Principal Site Reliability Engineer

Fidelity

Administration, Software Engineering

Durham, NC, USA

Posted on Mar 25, 2026

Apply now

Job Description:

Position Description:

Combines Operational excellence with Development experience to deliver services at high scale, high availability with resilience. Builds reliability into the ecosystem by applying best practices in Resiliency Engineering, Automation, Observability and Chaos Testing. Streamlines and accelerates software delivery cycle by using DevOps practices and toolchain. Integrates Site Reliability Engineering (SRE) practices (Observability and Chaos) with DevOps processes and delivery pipelines to stop bad code from reaching production. Ensures business-critical enterprise systems are continuously available to internal and external customers. Implements technical standardization and process refinements within the engineering organization and for Site Reliability Engineers. Collaborates with production support teams to define and implement processes for the identification, collection, and analysis of incident data. Brings together technical, procedural, and financial data to reduce toil and increase efficiency.

Primary Responsibilities:

Develops Chaos Testing capabilities using multiple Chaos Tools (AWS Fault Injection Service (FIS), Chaos Mesh, and Chaosd) and Chaos Toolkit.
Develops and enhances organization’s internal Chaos Framework to streamline Chaos Executions and reporting.
Provides specialized technical expertise in the adoption of Chaos Engineering by application teams.
Chaos tests and observes business-critical applications to understand the weaknesses and increase application resiliency.
Activates Observability for the critical applications with recommended Service Level Indicators and Service Level Objectives for Latency, Availability, Error Rate etc.
Utilizes modern monitoring tools (Datadog, Splunk, Catchpoint etc.) to reduce mean time to detect an issue and improve the response times.
Creates CI/CD pipelines with security and quality checks with Application Lifecycle management toolchain. Helps in integrating Chaos and Observability with CI/CD pipelines.
Automates repetitive activities using scripting languages (Python, Groovy etc.).
Implements and supports solutions based on cloud platforms AWS/Azure and container orchestration Kubernetes.
Onboards /Evaluates New Cloud services that help to enhance the Resiliency of cloud ecosystem. Serves as a liaison for vendor engagement.
Participates in incident management, problem management and incident postmortems.
Takes part in peer code reviews providing qualitative feedback.
Builds processes and capabilities to adapt and respond to risks, and disruptions, while maintaining business operations and data recovery with minimal disruptions.
Coaches peer SREs and application teams on SRE and DevOps.
Implements Agile methodologies in the team’s project completion using incremental and iterative steps.

Education and Experience:

Bachelor’s degree in Computer Science, Engineering, Information Technology, Information Systems, or a closely related field (or foreign education equivalent) and five (5) years of experience as a Principal Site Reliability Engineer (or closely related occupation) implementing resilient container and cloud-based applications and infrastructure solutions, using DevOps or SRE practices, in a financial services environment.

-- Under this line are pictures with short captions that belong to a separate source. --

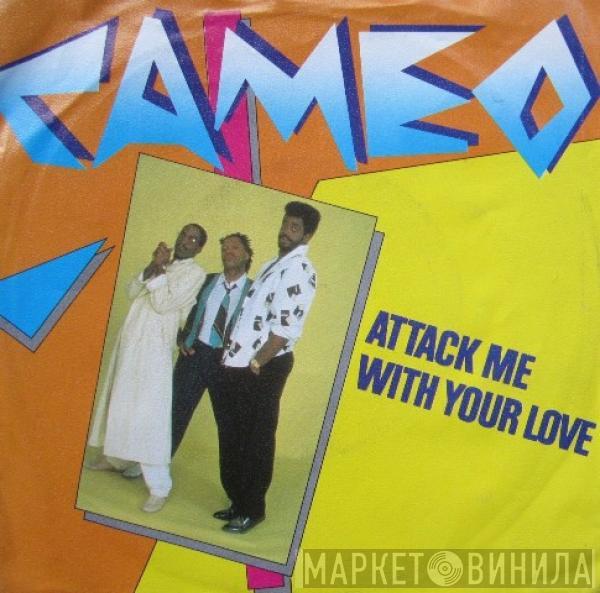  Cameo  - Attack Me With Your Love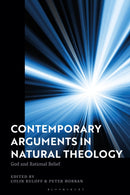 Contemporary Arguments in Natural Theology : God and Rational Belief-9781350093850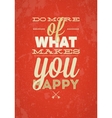 Do More Of What Makes You Happy typography vector image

Or, alternatively, Master’s degree (or foreign education equivalent) in Computer Science, Engineering, Information Technology, Information Systems, or a closely related field (or foreign education equivalent) and three (3) years of experience as a Principal Site Reliability Engineer (or closely related occupation) implementing resilient container and cloud-based applications and infrastructure solutions, using DevOps or SRE practices, in a financial services environment.

Skills and Knowledge:

Candidate must also possess:

Demonstrated Expertise (“DE”) improving application resiliency by implementing chaos engineering to build system's capability to withstand turbulent conditions in production, using Chaos Mesh, Chaosd, Azure Chaos Studio, AWS FIS, or Gremlin; and driving automation to implement scalable approaches for the planning, design, execution, and reporting of chaos testing using Jenkins pipelines, standard frameworks, data visualization, and dashboards.
DE implementing advanced observability practices and techniques in production and pre-production environments, at scale using Datadog, Splunk, or Catchpoint; tracking the error budget, proactively identifying issues, minimizing Mean Time to Repair (MTTR); and balancing customer expectations by implementing Service-Level Indicators (SLIs) and Service-Level Objectives (SLOs) using logs, traces, monitors and synthetic tests.
DE migrating and maintaining cloud applications and creating cloud solutions using Amazon Web Services (AWS) or Azure cloud services; Implementing infrastructure as code for cloud; Onboarding new AWS or Azure services with required reviews and security controls in non-production and production environments; and researching evolving cloud ecosystem to adopt machine learning based tools (AWS DevOps guru) to boost AIOps abilities.
DE implementing CI/CD pipelines in both production and non-production environments using Application Lifecycle Management (ALM) tools (JIRA, GitHub, Jenkins, SonarQube, Artifactory, or uDeploy) to enable faster code delivery, enhanced software quality, reliability, and security; and developing products, and core and common capabilities for the organization to reduce toil and drive standardization, using containerization and orchestration technologies (Docker or Kubernetes), Infrastructure as Code (IaC) tools, scripting languages (Python or Groovy), and engineering best practices.

#PE1M2

#LI-DNI

Certifications:

Category:

Information Technology

Most roles at Fidelity are Hybrid, requiring associates to work onsite every other week (all business days, M-F) in a Fidelity office. This does not apply to Remote or fully Onsite roles. Some roles may have unique onsite requirements. Please consult with your recruiter for the specific expectations for this position.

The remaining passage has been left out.